To be so wealthy that the idea of sharing your fortune with your kids after you die seems something like a burden has to be a pretty enviable position to be in, especially given the fact that a significant number of Canadians are not only helping their less fortunate offspring make ends meet, but many are also letting them bunk in rent-free.
Sting recently came out in favour of not passing on private wealth to one’s children (via The Telegraph). The singer, who is worth an estimated $300 million, told a UK magazine that his six kids are well aware of the fact that when he passes on there won’t be any money left to distribute.

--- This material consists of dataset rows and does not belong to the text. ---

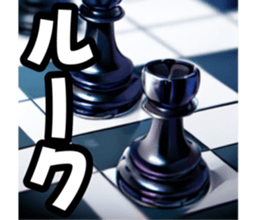 598964654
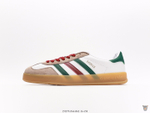 Кроссовки Gucci x Originals Gazelle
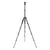 SIRUI Trépied Traveler 5A Aluminium avec Rotule 3T-35 Noir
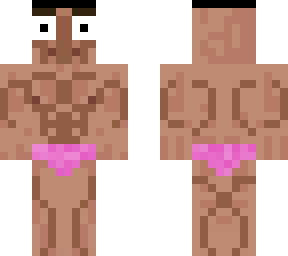 keralis strong villager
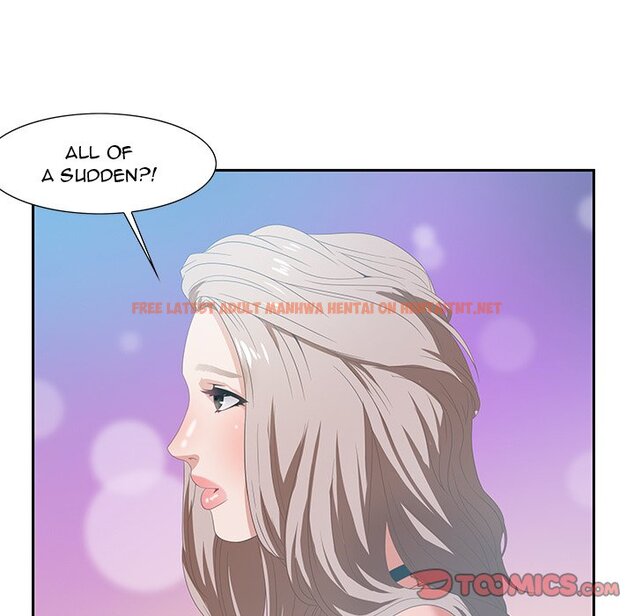 Read Hentai Image 63 090 in comic Tasty Chat: 0km - Chapter 6 - hentaitnt.net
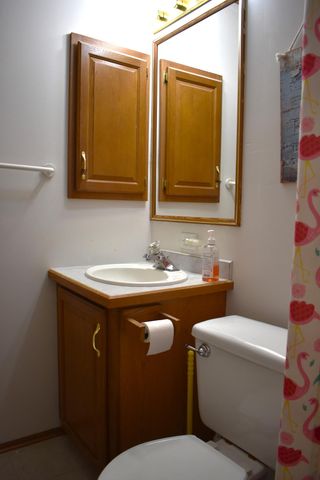 3022 Airport Road, Danville, KY 40422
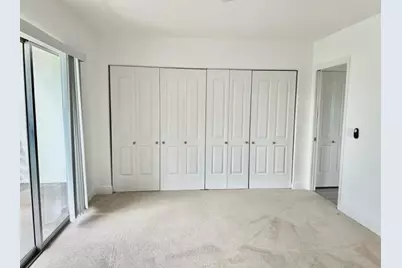 251 Brighton F, Boca Raton, FL 33434 - Photo 8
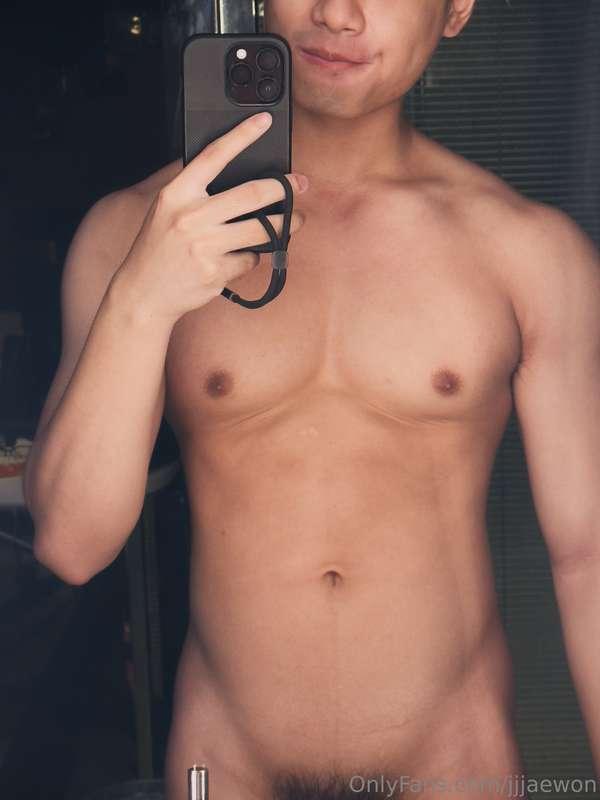 jjjaewon image #1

“I told them there won’t be much money left because we are spending it,” he told The Mail on Sunday’s Event magazine.
“We have a lot of commitments. What comes in we spend, and there isn’t much left.”

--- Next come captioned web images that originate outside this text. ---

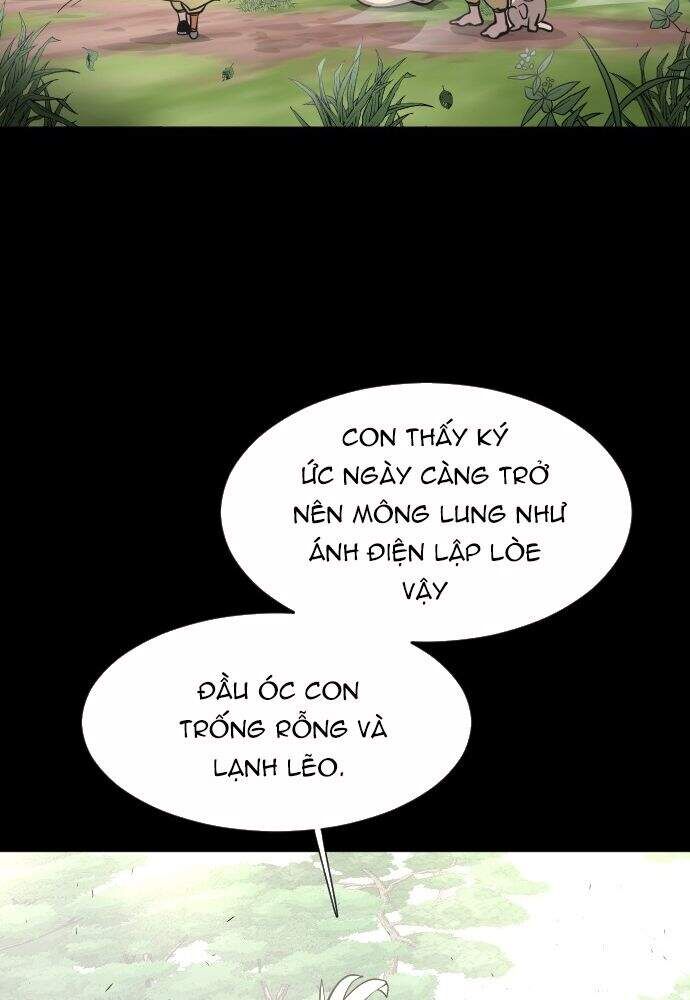 Kỷ Nguyên Siêu Anh Hùng Chap 71 - Next Chap 72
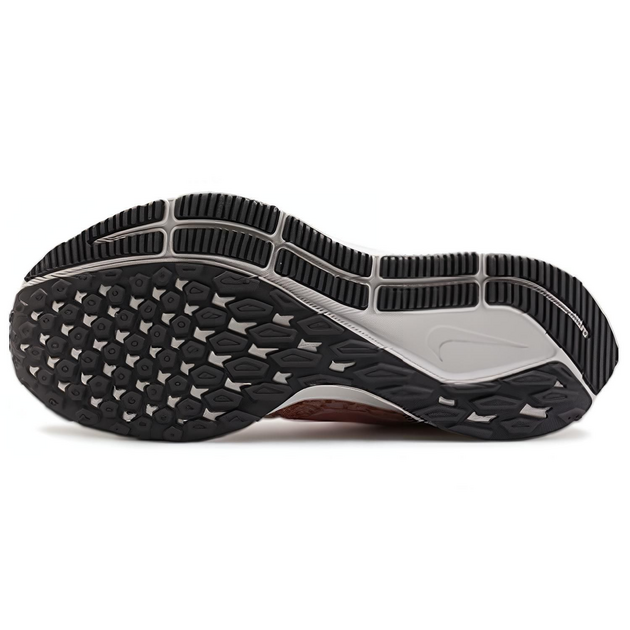 Nike Pegasus 35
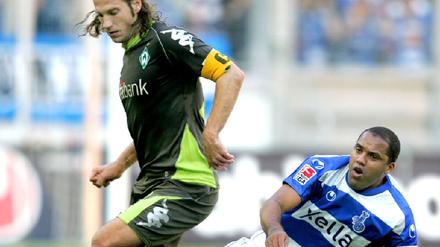 Thorsten Frings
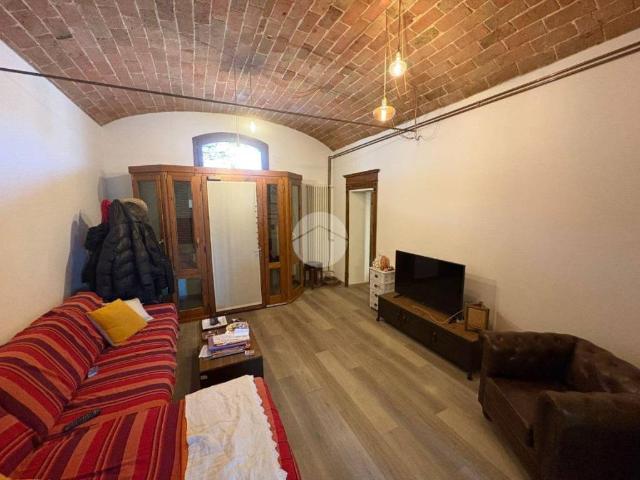 Villa bifamiliare in vendita a Lugo via Amendola g 22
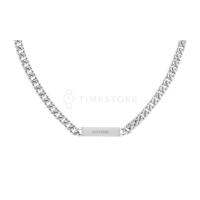 Tommy Hilfiger 2790577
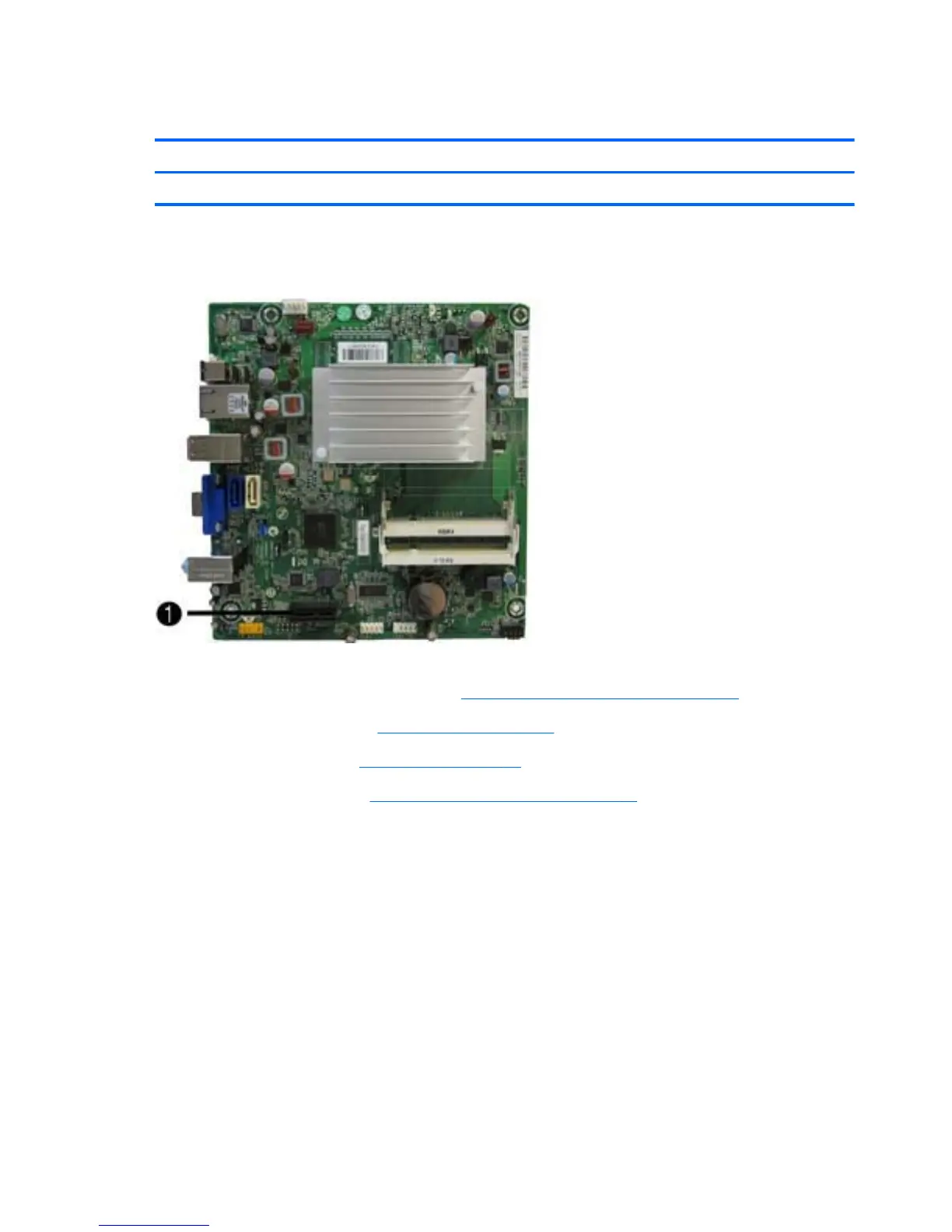 Page #102 background image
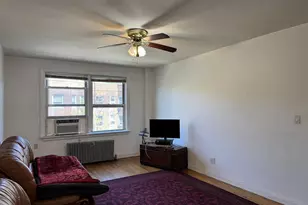 141-24 78th Rd, Kew Gardens, NY 11367 - Photo 5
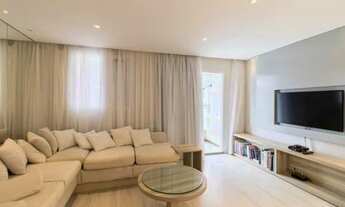 Imagem 3: São Paulo - Apartamento Padrão - Carrão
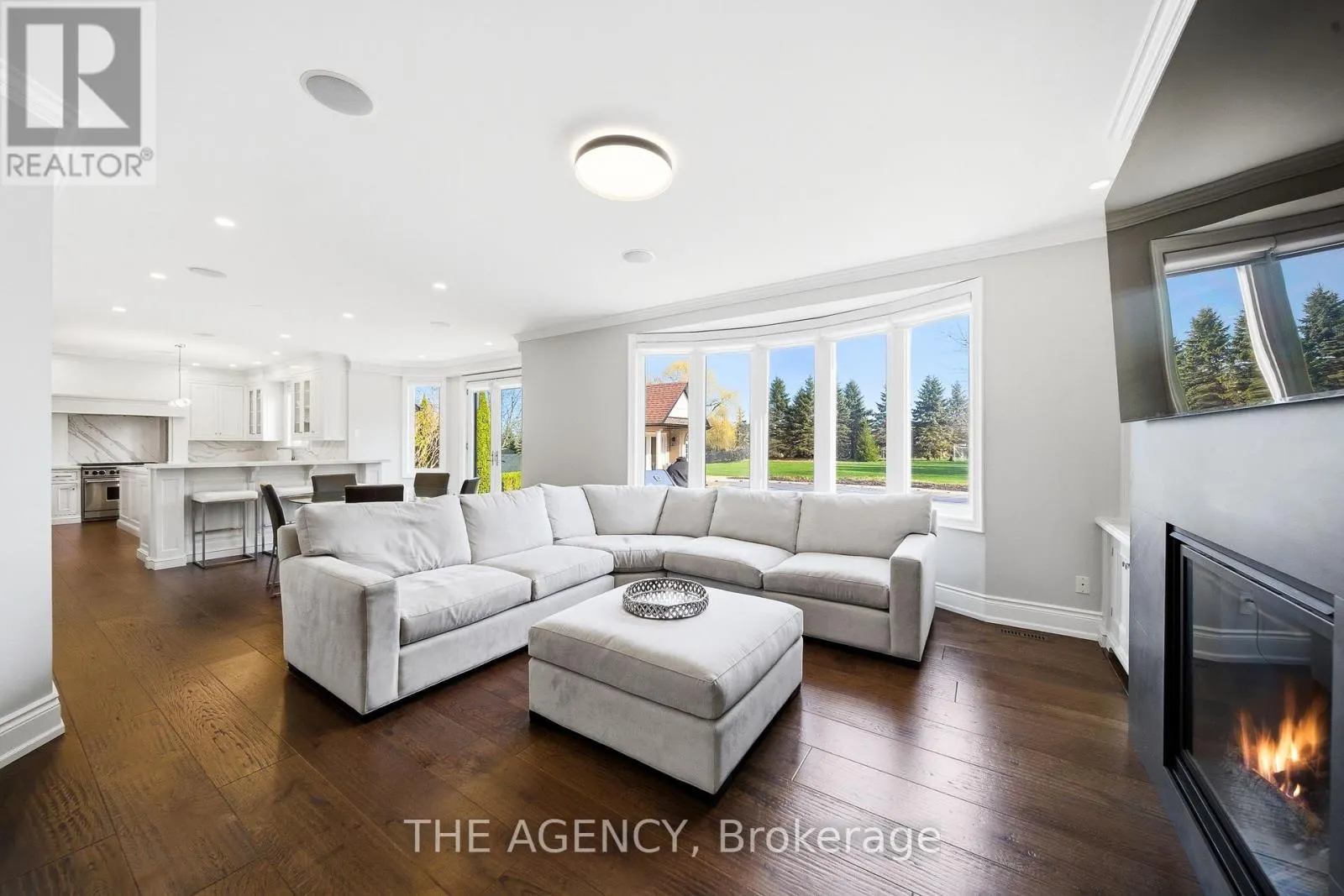 147 MACTAGGART DRIVE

He’s not just being stingy (or Sting-y?). In fact, he views it as a service to his kids. He calls a trust fund an “albatross”. The former Police frontman’s comments suggest that his children have been raised with the idea that if they want to be rich then they’ll have to become so through their own efforts.
“All my kids know that and they rarely ask me for anything, which I appreciate. Obviously, if they were in trouble I would help them, but I’ve never really had to do that. They have this work ethic that makes them want to succeed on their own merit.”
Sting isn’t the only wealthy boldface to come out in favour of this idea. Star Wars’ creator George Lucas has also expressed a similar hardline approach to wealth distribution, as have Nigella Lawson, Bill Gates and Paul McCartney.
Very few people have to consider whether or not their vast fortune should be given to their children in the event of their death — I’m going to guess that most people actually dream of being able to do that. But that doesn’t mean that those of us with a net worth under $300 million don’t think about how to best serve those we love by instilling in them a strong work ethic or sense of financial responsibility.
So, rather than imagine what it must be like to spend $300 million, it may be wiser to think about ways to better prepare children to make informed choices about spending and the financial realities of what you want vs. what you can afford.